Compare HTML similarity using structural and style metrics
MIT License
This package provides a set of functions to measure the similarity between HTMLs.
Note: This is a fork of html-similarity.
pip install niteru
Uses sequence comparison of the html tags to compute the similarity.
We do not implement the similarity based on tree edit distance because it is slower than sequence comparison.
Extracts CSS classes of each html document and calculates the jaccard similarity of the sets of classes.
The joint similarity metric is calculated as::
k * structural_similarity(html1, html2) + (1 - k) * style_similarity(html1, html2)

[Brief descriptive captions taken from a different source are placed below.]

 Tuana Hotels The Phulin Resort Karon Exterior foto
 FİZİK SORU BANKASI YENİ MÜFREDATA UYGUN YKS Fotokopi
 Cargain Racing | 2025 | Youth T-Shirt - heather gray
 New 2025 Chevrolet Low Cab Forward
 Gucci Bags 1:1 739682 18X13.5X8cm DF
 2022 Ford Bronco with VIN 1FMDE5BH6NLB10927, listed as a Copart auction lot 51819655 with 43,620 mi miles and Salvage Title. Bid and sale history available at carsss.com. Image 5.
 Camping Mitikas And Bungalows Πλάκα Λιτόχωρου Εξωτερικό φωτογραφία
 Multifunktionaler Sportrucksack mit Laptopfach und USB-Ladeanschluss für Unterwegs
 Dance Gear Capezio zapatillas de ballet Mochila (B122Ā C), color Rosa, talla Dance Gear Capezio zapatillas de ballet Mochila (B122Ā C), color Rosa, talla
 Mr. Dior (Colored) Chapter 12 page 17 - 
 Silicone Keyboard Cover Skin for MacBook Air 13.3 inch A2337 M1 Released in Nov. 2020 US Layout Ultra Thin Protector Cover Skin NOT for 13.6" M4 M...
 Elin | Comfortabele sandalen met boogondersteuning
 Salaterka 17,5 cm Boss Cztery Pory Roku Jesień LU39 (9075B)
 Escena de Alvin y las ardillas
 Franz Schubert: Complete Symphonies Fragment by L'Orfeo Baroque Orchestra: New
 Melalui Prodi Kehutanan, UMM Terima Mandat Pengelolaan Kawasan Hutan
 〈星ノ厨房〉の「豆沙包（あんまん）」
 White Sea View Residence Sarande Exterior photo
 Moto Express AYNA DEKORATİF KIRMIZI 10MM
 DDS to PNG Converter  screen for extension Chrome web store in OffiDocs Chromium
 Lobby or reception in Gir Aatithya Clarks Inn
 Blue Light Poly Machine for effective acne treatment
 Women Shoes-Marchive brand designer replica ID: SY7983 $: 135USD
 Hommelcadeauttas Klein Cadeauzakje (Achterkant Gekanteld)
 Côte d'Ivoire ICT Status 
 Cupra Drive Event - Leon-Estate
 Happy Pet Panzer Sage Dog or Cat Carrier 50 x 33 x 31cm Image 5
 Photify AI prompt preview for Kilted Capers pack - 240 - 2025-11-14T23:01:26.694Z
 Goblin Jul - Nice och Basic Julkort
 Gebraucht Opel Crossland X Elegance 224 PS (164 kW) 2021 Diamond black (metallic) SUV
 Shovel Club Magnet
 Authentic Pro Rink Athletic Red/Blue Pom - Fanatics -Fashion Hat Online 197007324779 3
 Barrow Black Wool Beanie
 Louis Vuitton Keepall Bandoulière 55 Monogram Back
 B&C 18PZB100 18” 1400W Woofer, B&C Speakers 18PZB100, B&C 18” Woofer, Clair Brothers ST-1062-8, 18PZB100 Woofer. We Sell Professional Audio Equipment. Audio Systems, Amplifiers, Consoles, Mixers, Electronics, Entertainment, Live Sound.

All the similarity metrics take values between 0.0 and 1.0.
Using k=0.3
gives better results. The style similarity gives more information about the similarity rather than the structural similarity.
Here is an example:
html1 = '''
<h1 class="title">First Document</h1>
<ul class="menu">
<li class="active">Documents</li>
<li>Extra</li>
</ul>
'''
html2 = '''
<h1 class="title">Second document Document</h1>
<ul class="menu">
<li class="active">Extra Documents</li>
</ul>
'''
from niteru import style_similarity, structural_similarity, similarity
style_similarity(html1, html2) # => 1.0
structural_similarity(html1, html2) # => 0.8571428571428571
similarity(html1, html2) # => 0.9285714285714286